Around 1910, Mansaku Kurita came to El Paso through Mexico. He once worked for the railroad company, [and] then he started farming in Colorado...In Colorado, he was in real good shape financially, but he got wiped out when his crops failed, so his friend Kuniji Tashiro called him in 1928 to come to New Mexico and farm there for a year. Then he came to El Paso. By the time he settled down in El Paso, he was financially secure. Mansaku married Teru, a woman from Shizuoka [Japan], who was about five years younger than he. When Mansaku called for Teru, she lived in Kansas. Teru had a college education and taught school in Japan. Later she worked as a midwife to many Mexicans in El Paso, and was known as the mother of El Paso.1

For Nikkei, life in Arizona pre-World War II and during the war was markedly different from that in Colorado in important respects. By 1910 Colorado had some 2,500 Japanese immigrants, while fewer than 400 people of Japanese ancestry resided in Arizona; by 1940 Colorado claimed close to 3,225 Nikkei and Arizona nearly 900. The prewar distribution of these two states’ Nikkei populations was also very different. Most Japanese Coloradans were scattered around their state in modest-sized farming communities; there was also a comparatively dense cluster in the area of Denver, where they were supported by the budding Japantown located within the city’s deteriorated core.
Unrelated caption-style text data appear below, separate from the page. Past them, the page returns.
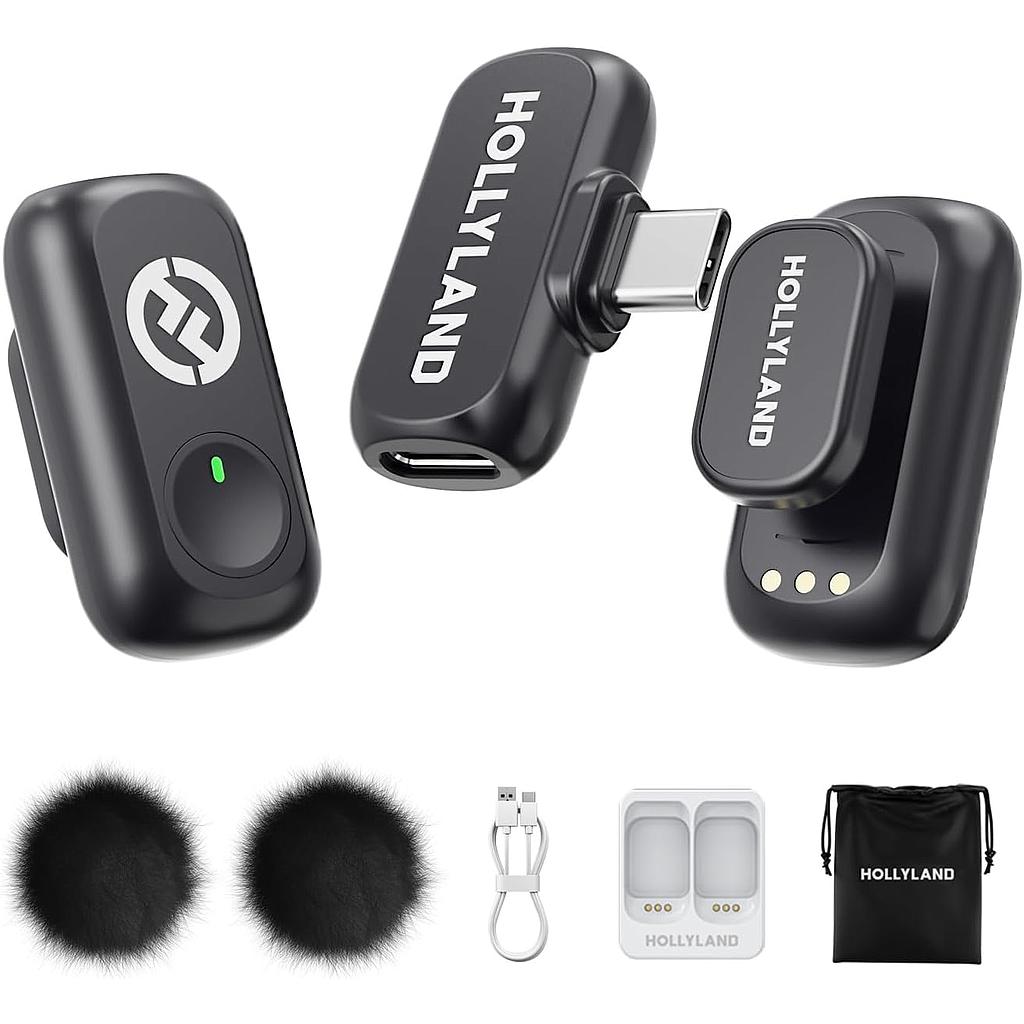 HOLLYLAND MICROFONOS INALAMBRICOS LARK A1 DUO TIPO C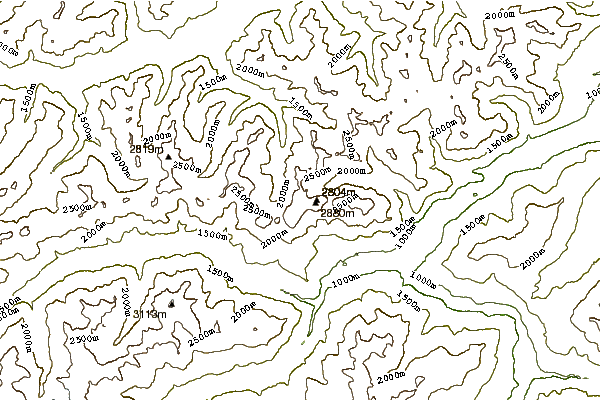 Mountain peaks around Parseierspitze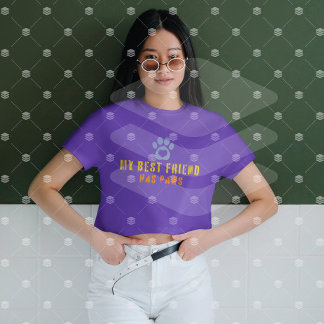 Min bästa vän har tassar t shirt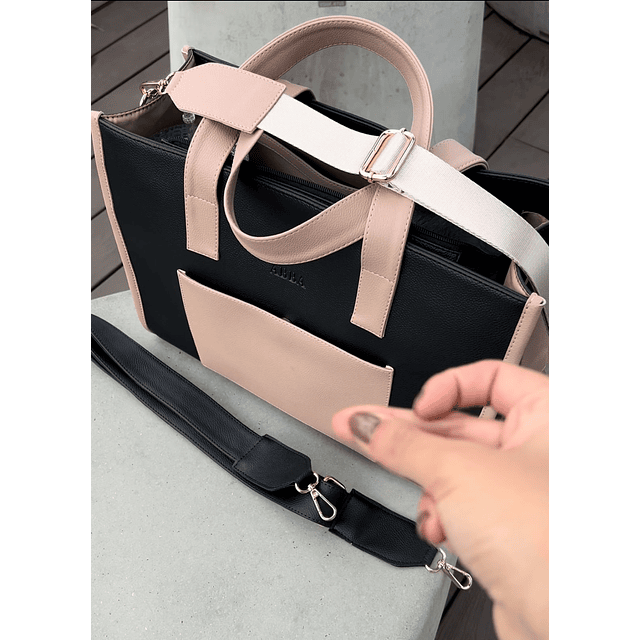 Greta mediano negro/nude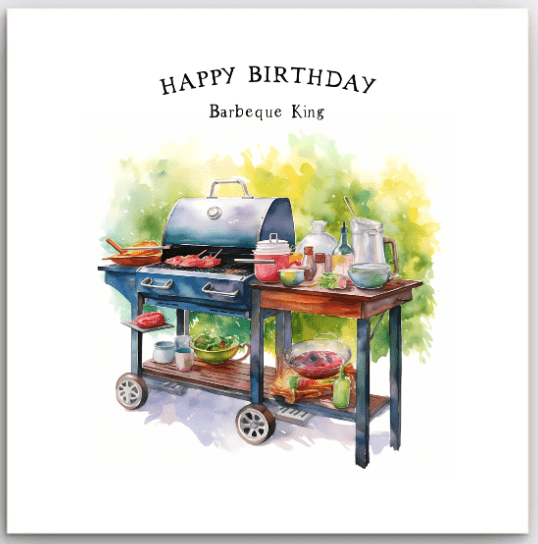 Greeting Card - Barbeque King | Basically Paper | Greeting Cards | Thirty 16 Williamstown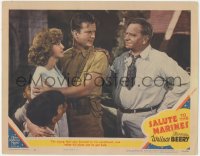 8k1165 SALUTE TO THE MARINES LC #8 1943 Wallace Beery by Lundigan saying goodbye to Marilyn Maxwell!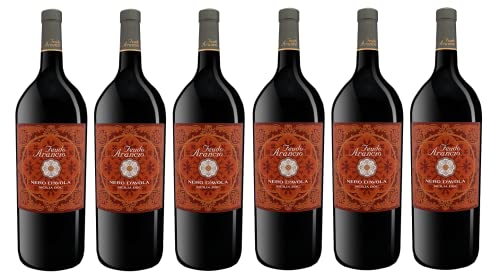 6x 1,5l - 2021er - Feudo Arancio - Nero d'Avola - MAGNUM - Sicilia D.O.P. - Sizilien - Italien - Rotwein trocken von Feudo Arancio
In contrast, Japanese Arizonans—who were primarily agriculturalists—congregated in the Salt River Valley’s Maricopa County, in central Arizona, where they found rudimentary ethnic support systems in Phoenix, Glendale, Tempe, and Mesa.

Another distinguishing feature differentiating life for Japanese in Arizona and Colorado during this era is that Nikkei in Arizona had to contend with a greater degree of legal and extralegal prejudice, discrimination, and outright racism than those residing in Colorado. This is not to say that Colorado’s anti-Japanese climate was mild or sporadic—in fact, it was both severe and unremitting, as historian Kara Miyagishima has copiously documented. In the early twentieth century, because Colorado’s laboring class generally viewed “little yellow men” from the Far East to be “invading” their state and, as railroad, mining, and farm workers, they were felt to be posing unfair employment competition. To counter this perceived problem, labor groups excluded them by creating associations such as the Japanese and Korean Exclusion League founded by the Colorado State Federation of Labor in 1908. Even after the Issei bachelors progressively transformed the Nikkei population within Colorado from one dominated by mobile laborers with a bird-of-passage mentality to one characterized by stabilized family-based farm and commercial enterprises, nativist groups organized against the Nikkei to hinder their ascent of the social and economic ladder. “Like the Negroes of the South,” writes Miyagishima, “the Japanese were accepted without rancor only so long as they remained in their place.”2 In Denver, where by 1920 some 85 percent of the population was native-born, restrictive covenants and similar segregating mechanisms were imposed, leaving only the city’s Skid Row area open for residency by Nikkei and other people of color. With the onset of World War II, Colorado—and Denver, in particular— experienced a large infusion of Nikkei from the West Coast. Many arrived in Colorado during the period of “voluntary evacuation” and afterwards, with a large number settling there as a consequence of temporary work leaves and semipermanent resettlement from the WRA camps.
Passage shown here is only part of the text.